I keep up my hiking activities throughout the year, snowshoeing in the winter, and hiking the rest of the 3 seasons. But, for those that prefer to hunker down for the winter months, the return of spring can bring about a return to exercise.You may be a little out of practice, so start out slow, and ease into serious hiking again.  Yes, the weather is cool, but remember to hydrate and hydrate often. You'll be working a little harder if you took it easy during the winter.  Keep this in mind for your first few hikes.  Easy does it, and don't overdue it.  Take your time, and make your first few outings shorter to give you time to acclimatize to strenuous effort.  Stretch once you are warmed up a little, or at the end of your hike.  Your joints, ligaments and tendons will be all the more limber the next time you're out.


As the snow thaws, trails get wet, and what is a perfectly passable trail in the summer, can be a muddy, mucky mess.  Nows the time for waterproof, higher ankled boots, with large traction lugs.  Gaiters are pretty handy as well.
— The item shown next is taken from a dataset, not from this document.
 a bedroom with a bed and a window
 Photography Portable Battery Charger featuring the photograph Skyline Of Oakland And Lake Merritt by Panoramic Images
Do your part for the environment, stay on the trail, even it if's muddy.  If everyone side-stepped the muddy trail in the spring, many trails would be miles wide and look like one big mud bog the next year.  As all good hikers do, minimize your impact on the land and leave as little trace of your presence as possible.

Also, your dog will likely be muddy and wet after a good spring hike.  I use a car seat cover to keep my vehicle's back seats dry and clean. And, of course, you'll want to bath your dog when you get home, even if it's just a paw wash with the hose before they get in the house.

Ice and Snow

What may begin as a dry trail at the bottom, can turn to a muddy trail and then a snowy or icy trail in valley bottoms or higher up.  Here's where traction aids like trekking poles or ice cleats shine through.  They help you get your grip in slippery conditions.  Ice cleats or crampons are ideal when you're trying to keep from slipping and sliding on the trail.


Winter storms and those of early spring tend to wreak havoc in our forested areas.  Soft, wet soil, combined with the stronger winds can lead to blown down trees.  Trail maintenance has not usually been performed during the winter months, and it can take a while for crews and volunteers to get out there. You will likely encounter more debris or obstacles across the trail. Again, try to stay on the trail as much as possible to minimize impact to the ecosystem.

Loose Rocks

The freeze/thaw cycle causes rocks with cracks in them to become a dangerous problem.  The freezing and thawing works those rocks loose and they may begin to fall, sometimes causing landslides and covering trails. Even larger boulders can work loose, especially as the soil is more wet and a lot softer in the spring.  Watch out!  Be aware of what you grab and where you put your feet.  If there's a trails below you, shout out if you disrupt some rock or soil so that others can be prepared.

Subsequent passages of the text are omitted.